Mesmo quando o coronavírus já avançava pela região do Xingu, a aldeia Ipatse viveu os primeiros meses de crise com relativa tranquilidade. E essa primeira fase foi de vigilância e preparação de uma resposta para quando os casos chegassem. Enquanto três indígenas alimentavam diariamente o aplicativo com informações dos pacientes, uma grande oca foi construída caso precisasse de um lugar para isolar os infectados. Mas quando um Kuikuro adoece, ele observa também se há enfermidade espiritual. E tente a recolher-se em casa e proteger o espírito. Por isso a casa de isolamento acabou sendo mais utilizada para a quarentena dos que precisaram ir até a cidade. Os viajantes ficavam ali antes de retornar ao convívio da comunidade como mais uma medida de proteção.
Uma estrutura de alvenaria também foi adaptada para virar uma unidade de atendimento aos doentes. O dinheiro das doações ―cerca de 200.000 reais― foi usado para comprar medicamentos, camas e cilindros de oxigênio. Um pequeno ambulatório foi organizado para atender e isolar os infectados, com autorização do Governo Federal. A unidade hoje está a cargo de uma médica e um enfermeiro que foram contratados por seis meses para o enfrentamento da pandemia na aldeia. “Ter médico aqui todo dia deixou a gente mais seguro na pandemia. A Sesai [Secretaria de Saúde Indígena, do Governo Federal] manda médico também, que vem por uma semana e depois vai pra outra comunidade”, conta Yanama. O novo equipamento de Saúde oferece oxigenoterapia a pacientes com desconforto respiratório. Nesta semana, recebeu dois indígenas que foram estabilizados e não precisaram de remoção.

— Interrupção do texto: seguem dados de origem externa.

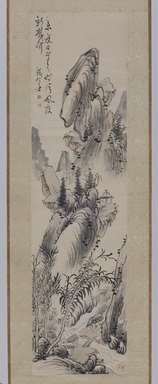 Fujimoto Tesseki (Japanese, 1817-1863). <em>Landscape</em>, 19th century. Hanging scroll, ink and light color on paper, 67 1/2 x 17 11/16in. (171.5 x 44.9cm). Brooklyn Museum, Gift of Dr. and Mrs. Kurt A. Gitter in honor of Amy G. Poster, 1996.213 (Photo: Brooklyn Museum, 1996.213_PS11.jpg)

A estrutura da Ipatse acabou virando referência para cerca de seis aldeias do entorno. Todos os dias, por meio do rádio, a médica Giulia Parise Balbão se comunica com outras comunidades para dar orientações de saúde e fazer consultas de telemedicina. “Quando cheguei, já estava muito definido que o objetivo era não perder nenhuma vida na aldeia. As pessoas já estavam trabalhando incansavelmente. Eu vim apenas me somar a essa equipe”, conta Balbão. A estratégia aplicada ali também está sendo expandida para outras localidades, com dados sendo colhidos para o mesmo aplicativo que os Kuikuro utilizam. “Já começamos a fazer o monitoramento destas aldeias vizinhas também. Estamos exportando a ideia como um todo. O tratamento mesmo deve ficar concentrado na Ipatse, mas esperamos conseguir contratar mais médicos para dar essa assistência a 12 aldeias, que compõem o total 13% da população do Parque do Xingu”, afirma Moraes.
Até o início desta semana, a Apib (Articulação dos Povos Indígenas do Brasil) contabiliza 806 mortes devido à covid-19 entre a população indígena no Brasil todo. O Governo registra 419 óbitos, porque não considera indígenas em áreas urbanas.
No último mês, os casos de coronavírus entre indígenas têm crescido. No início de julho, a aldeia Ipatse confirmou seus primeiros casos, de dois indígenas que provavelmente foram infectados na unidade de saúde da cidade e tiveram alta antes de serem testados. Semanas depois, outros moradores da aldeia apresentaram sintomas após participarem de um enterro. Os técnicos geoespaciais ―que diariamente monitoram a situação das famílias― rapidamente identificaram essas pessoas, que foram monitoradas pela equipe médica. Testes realizados na aldeia dão conta que ao menos 77 pessoas já contraíram o vírus. O cacique e uma idosa de 90 anos adoeceram e se recuperaram. A morte dos mais velhos é uma grande preocupação da comunidade, cuja história é guardada e repassada especialmente pelos anciãos. A vigilância segue firme com o mesmo objetivo assumido seis meses atrás: a mortalidade zero pelo coronavírus.